The clinician who obtains the consent will be the clinician who carries out the procedure; they will be fully qualified and will be knowledgeable about the procedure and its associated risks.

The scope of the authority provided by the patient’s consent will not be exceeded unless in the case of medical emergency.

The Health Centre acknowledges the right of the patient to refuse, delay or limit the scope of the consent. The patient may also wish to seek further information before proceeding or may seek the presence of a chaperone.

Clinicians will ensure that consents are given freely and not under duress e.g. under pressure from other family members etc.

Clinicians will use a Consent Form where procedures carry a degree of risk or where, for other reasons, they consider it appropriate to do so e.g. malicious patients. No alterations will be made to the Consent Form once it has been signed by the patient. If a patient is mentally competent to give consent but is physically unable to sign the Consent Form, the clinician should complete the form and then ask an independent witness to confirm on the form that the patient has given their consent.
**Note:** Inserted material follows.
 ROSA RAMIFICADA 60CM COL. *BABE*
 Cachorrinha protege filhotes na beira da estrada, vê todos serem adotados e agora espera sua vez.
Other aspects which the clinician may choose to discuss are:

  • details of the diagnosis, prognosis, and implications if the condition is left untreated
  • the options for treatment, including the option not to treat if applicable
  • details of any subsidiary treatments e.g. pain relief
  • patient experiences during and after the treatment, including common or potential side effects and the recovery process
  • the probability of success and the possibility of further treatments
  • the option of a second opinion 
 

Immunisations

Informed consent must be obtained prior to giving an immunisation. There is no legal requirement for consent to immunisation to be in writing and a signature on a consent form is not conclusive proof that consent has been given, but serves to record the decision and discussions that have taken place with the patient, or the person giving consent on a child’s behalf. In the case of childhood immunisations parental consent is obtained by the general practitioner at the 6 weeks check up and the consent, or otherwise, recorded in the patient’s medical record.

 

Consent of children

Everyone aged 16 years or more is presumed to be competent to give consent for themselves, unless there is evidence which demonstrates otherwise. If a child under the age of 16 has “sufficient understanding and intelligence to enable him/her to understand fully what is proposed” (known as Gillick Competence), then they will be considered competent to give consent. Young people aged 16 and 17, and legally competent younger children may therefore sign their own Consent Form, but may like a parent to countersign as well.

For children under 16 years of age, who do not demonstrate Gillick Competence, a parent or guardian should give consent on the child’s behalf by signing accordingly on the Consent Form.

 

Minor surgery

Consent is obtained in all cases before the procedure is undertaken. The process is explained to the patient and the opportunity is given to raise any questions with the clinician.

 

Insurance reports and sundry documents

Written consent to provide information to the insurance company must accompany the request before the report is undertaken. In addition, the patient can request sight of the report before it is sent.

 

Consent to the release of results to a third party

When a patient has consented to the release of results etc. to a third party e.g. a family member, the patient’s consent is recorded in the patient‘s medical record.